The State of Louisiana has imposed additional requirements on juvenile proceedings. See LSA-R.S. 13:1561 et seq., especially LSA-R.S. 13:1577, quoted in the majority opinion. A reading of the cases interpreting R.S. 13:1577, especially In Re Garland, 160 So.2d 340 (La.App., 4th Cir. 1964), In Re White, 160 So.2d 344 (La.App., 4th Cir. 1964) and In Re State In Interest of Wesley, 285 So.2d 308 (La.App., 4th Cir. 1973), indicate there is a strong presumption against the voluntariness of a confession given by a juvenile while out of the presence of his parents or counsel. This presumption is additionally supported by the paternalistic concept of juvenile proceedings. Although State v. Melanson, 259 So.2d 609 (La.App., 4th Cir. 1972) holds to the contrary, this decision has been strongly criticized by the same court in State, In Interest of Holifield, 319 So.2d 471 (La.App., 4th Cir. 1975).1 Also see Gallegos v. State of Colorado, 370 U.S. 49, 82 S.Ct. 1209, 8 L.Ed.2d 325 (1962).

The situation presented in this case is exactly the type of situation at which the statute and the jurisprudence are aimed.

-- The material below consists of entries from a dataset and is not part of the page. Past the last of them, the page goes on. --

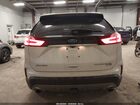 2019 Ford Edge Titanium White vin: 2FMPK4K91KBC00376
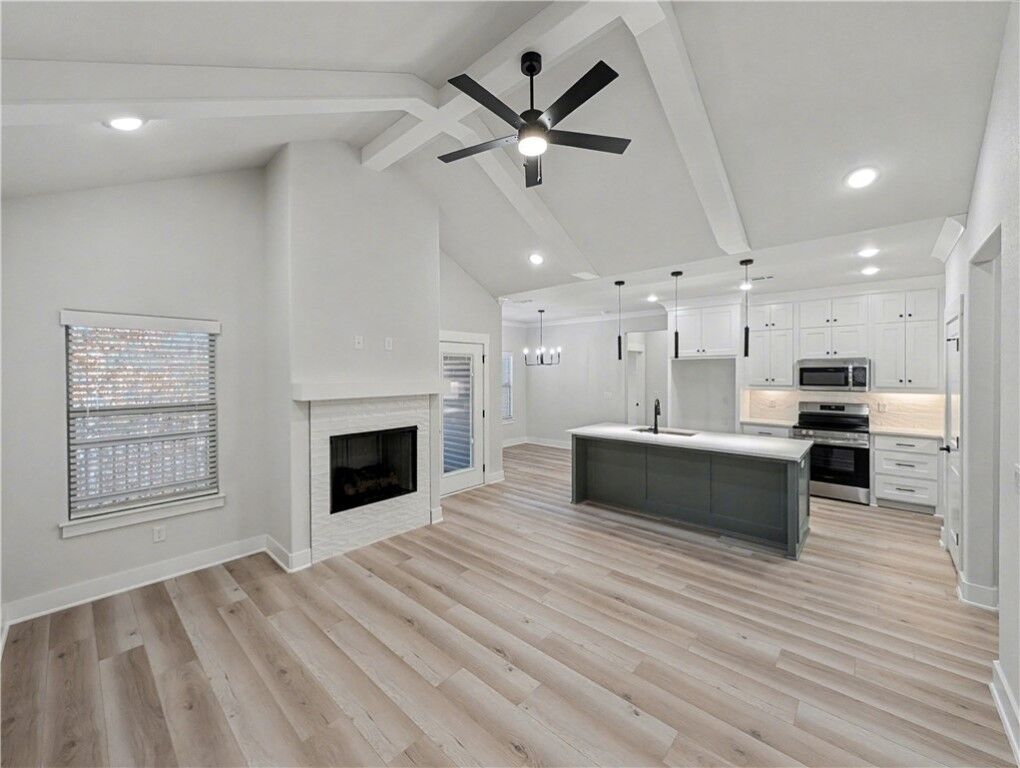 Property Photo: 26 Cromer Drive AR 72715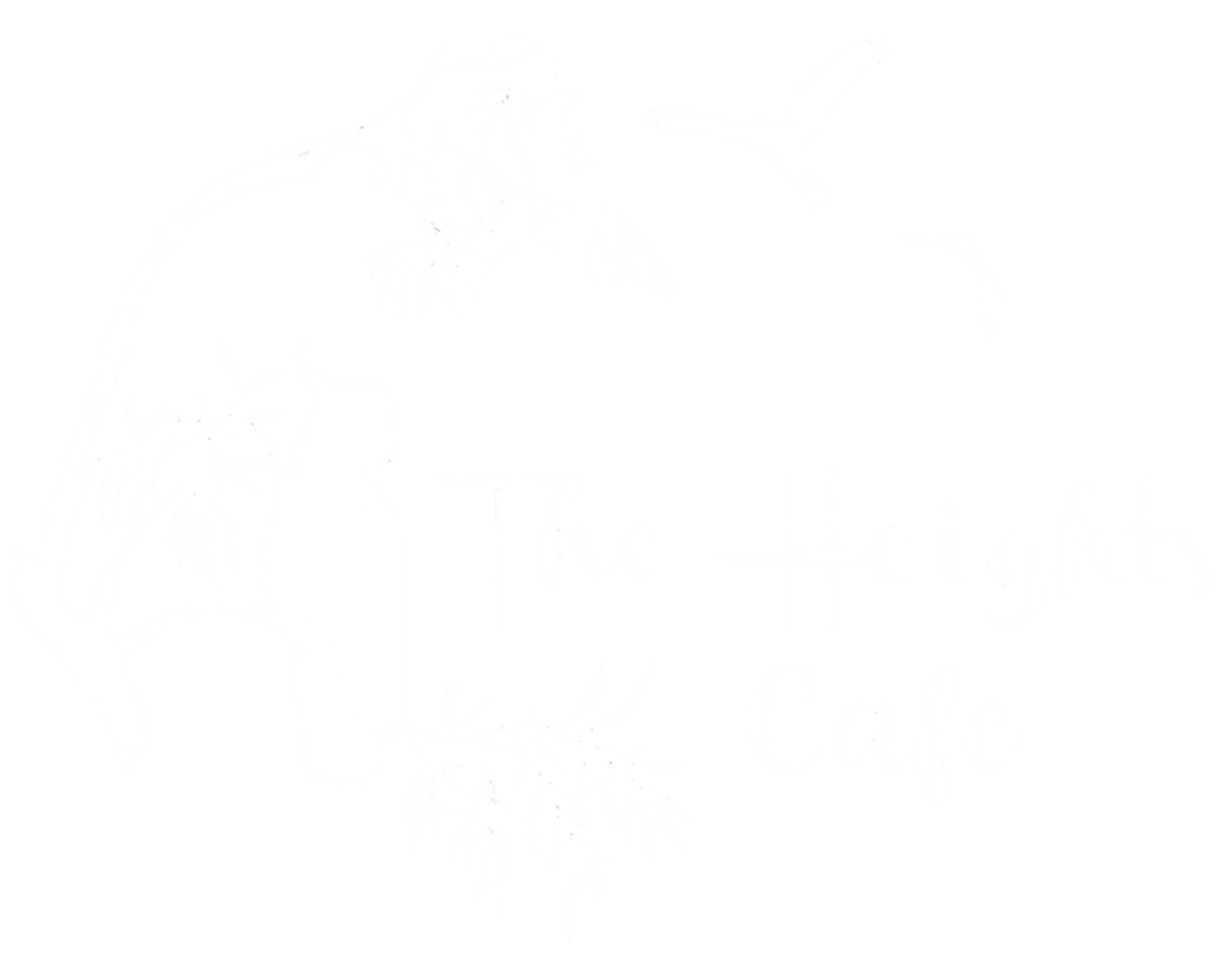 The Heights Cafe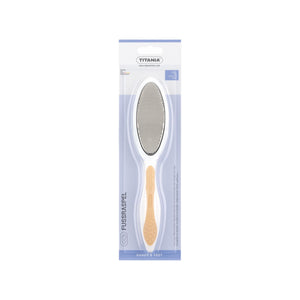 Titania Foot File 3041B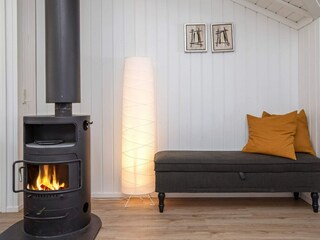 Casa de vacaciones Køge  13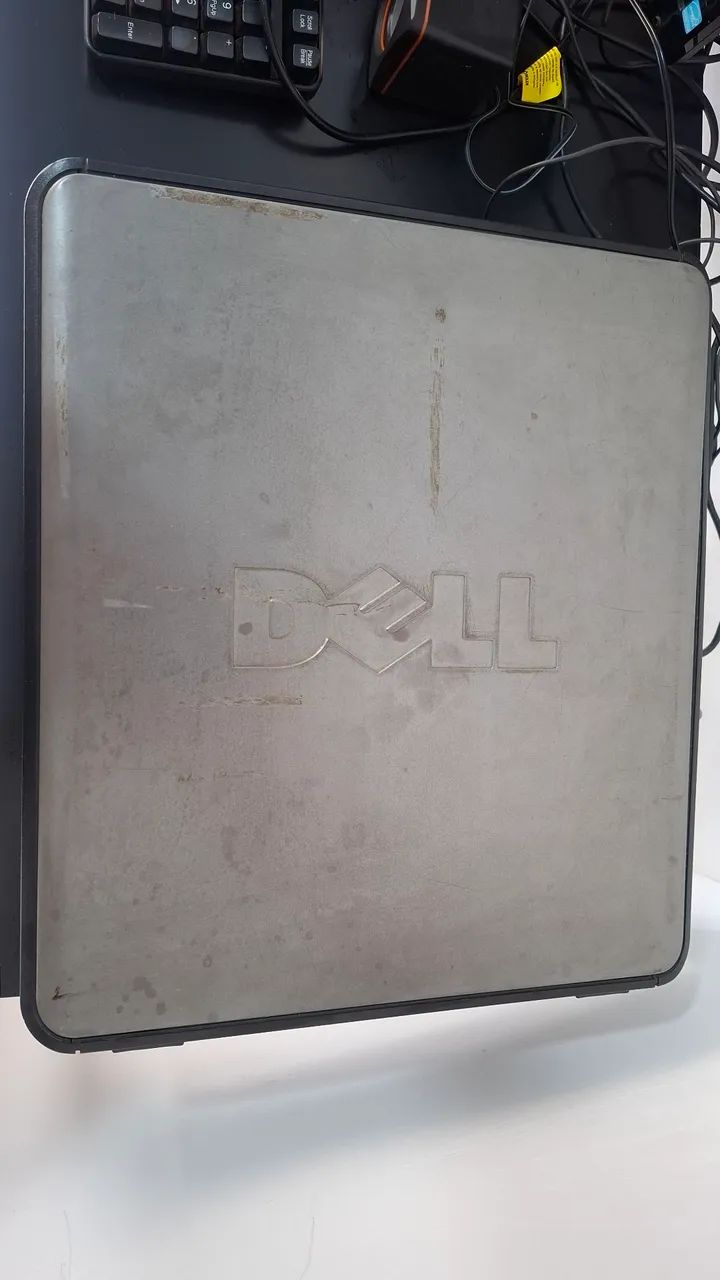 Computador dell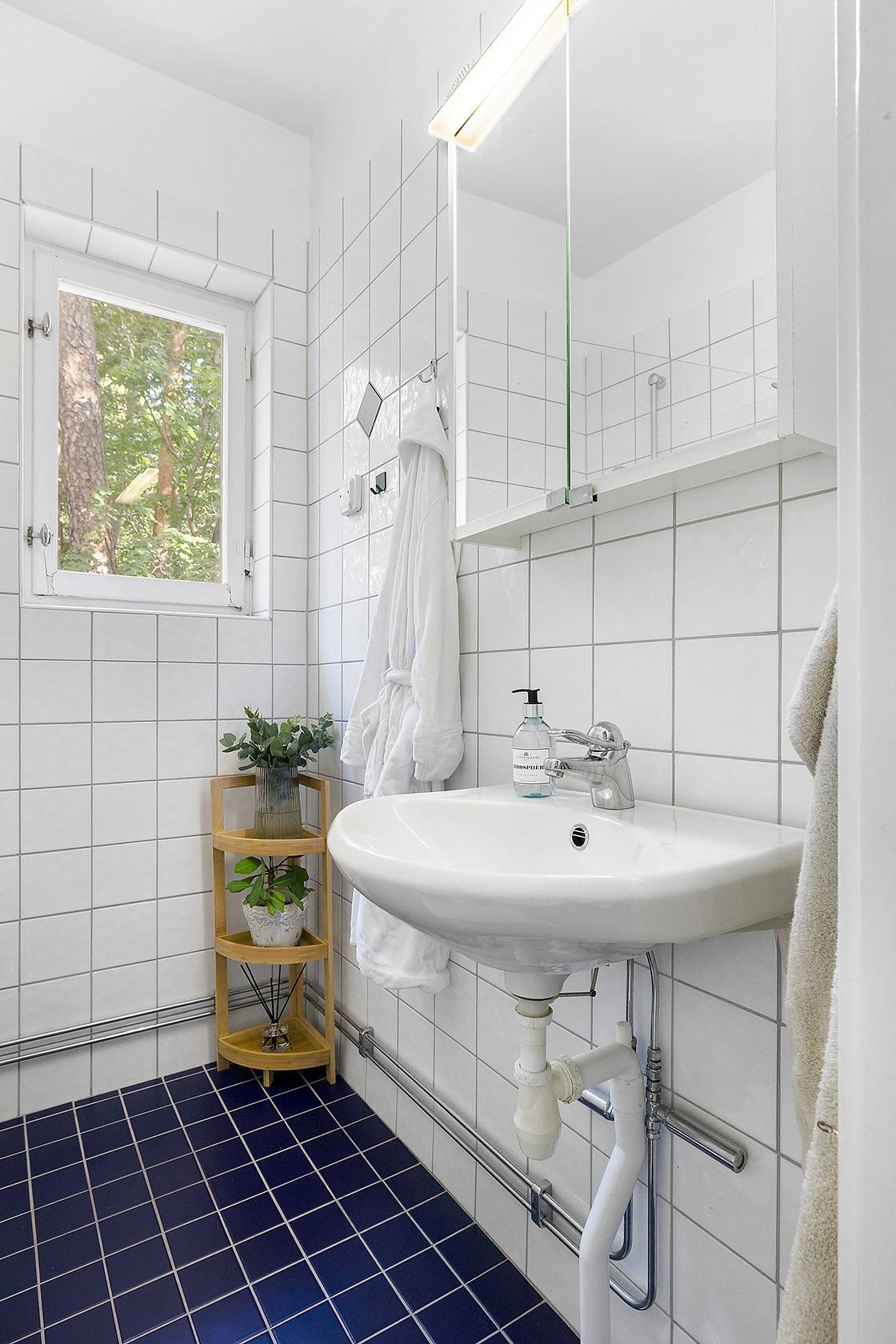 2 rum Lägenhet på Minnebergsvägen 21 Traneberg Stockholms kommun - bild 13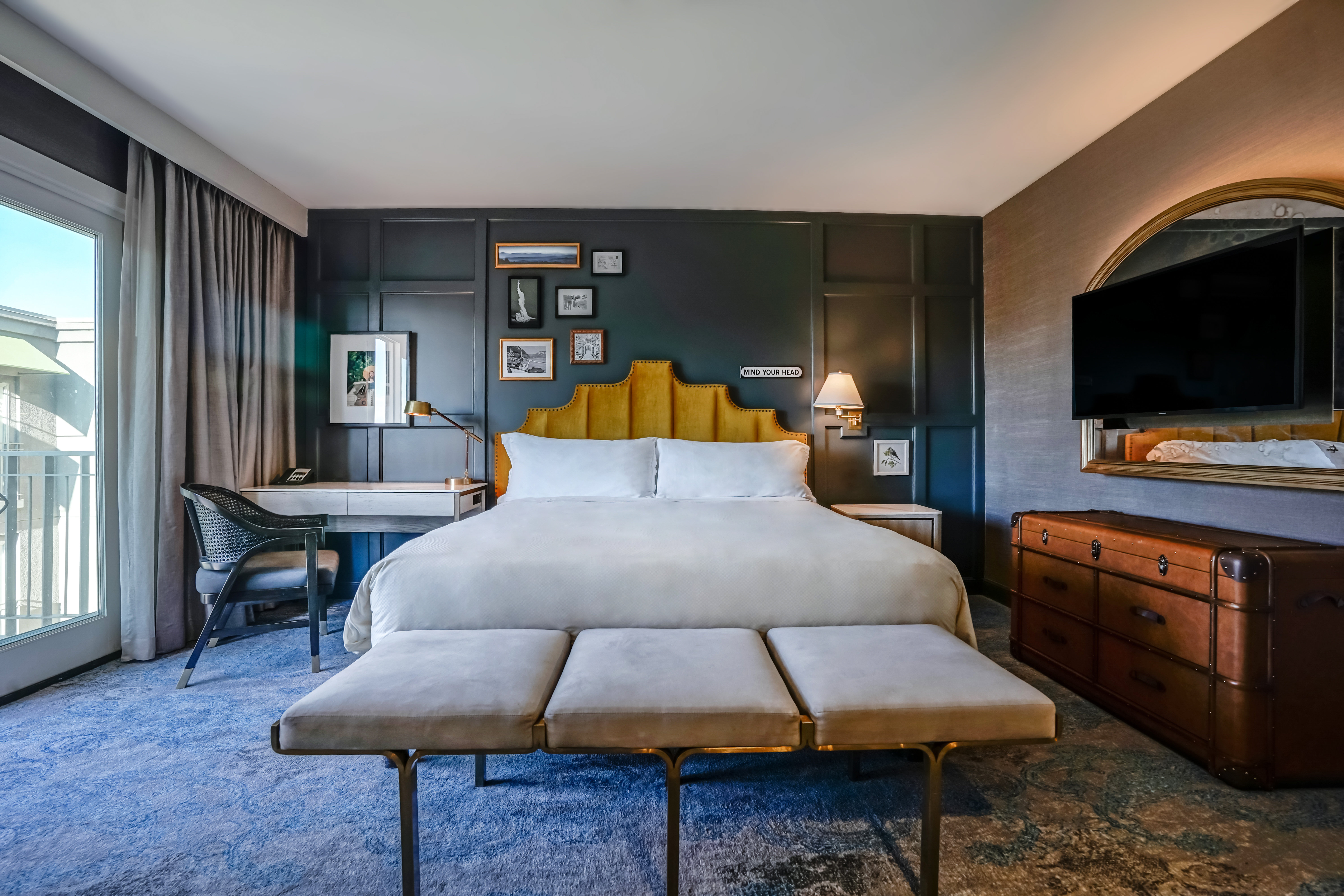 Hotel Amarano Burbank 4/65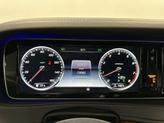 Thumbnail of 2015 Black Mercedes-Benz S-Class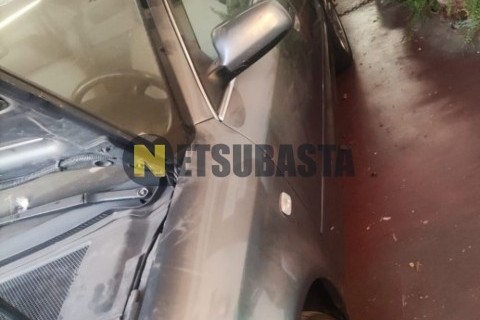 Riya Mustang 125 2016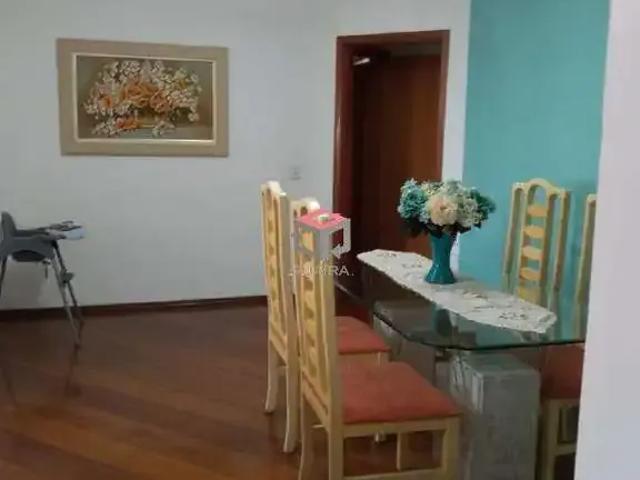 Apartamento para Venda em Santo André/SP Vila Assunção 4 Quartos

After the police take a juvenile into custody late one evening, some 30 days after his initial arrest, interrogate him out of his parents’ presence, and hold him incommunicado for 64 hours in the city jail, how can it be said a written “confession” given to a juvenile officer immediately prior to the juvenile’s release is voluntary? This written confession should have been suppressed.

The majority recognizes the verbal confession given to the officers after they deliberately removed the boy’s mother from the interrogation room is involuntary. Its admission into evidence alone demands reversal of the adjudication of delinquency.

In State In Interest of Simon, 295 So.2d 473 (La.App., 3d Cir. 1974), the court stated:

*717“We believe it to be reversible error for a juvenile court to receive . . . [inadmissible] hearsay evidence, opinions, and recommendations prior to making an adjudication. In re State In the Interest of Elliott, 206 So.2d 802 (La.App., 2d Cir. 1968); Application of Gault, 387 U.S. 1, 87 S.Ct. 1428, 18 L.Ed.2d 527 (1967).”

See also State In Interest of Simmons, 299 So.2d 906 (La.App., 3d Cir. 1974); State In Interest of Prestridge, 323 So.2d 868 (La.App., 2d Cir. 1975).

If introduction of inadmissible hearsay mandates reversal, surely the introduction of a constitutionally infirm oral confession can do no less.

Finally, those articles of the Louisiana Code of Criminal Procedure upon which the majority rely, especially C.Cr.P. art. 921, lend no support to their decision, since the provisions of the Code of Criminal Procedure are inapplicable to juvenile proceedings. State In Interest of Braswell, 294 So.2d 896 (La.App., 2d Cir. 1974); In Re State In Interest of Tyler, 262 So.2d 815 (La.App., 4th Cir. 1972); In Re State In Interest of Williams, 267 So.2d 918 (La.App., 4th Cir. 1972).

I think the judgment of the trial court should be reversed.

. Cases such as State v. Whatley, 320 So.2d 123 (La.1975) and State v. Ghoram, 328 So.2d 91 (La.1976) are easily distinguishable since, although they involve juveniles, they are not juvenile proceedings but are criminal proceedings and not within the purview of LSA-R.S. 13:1571.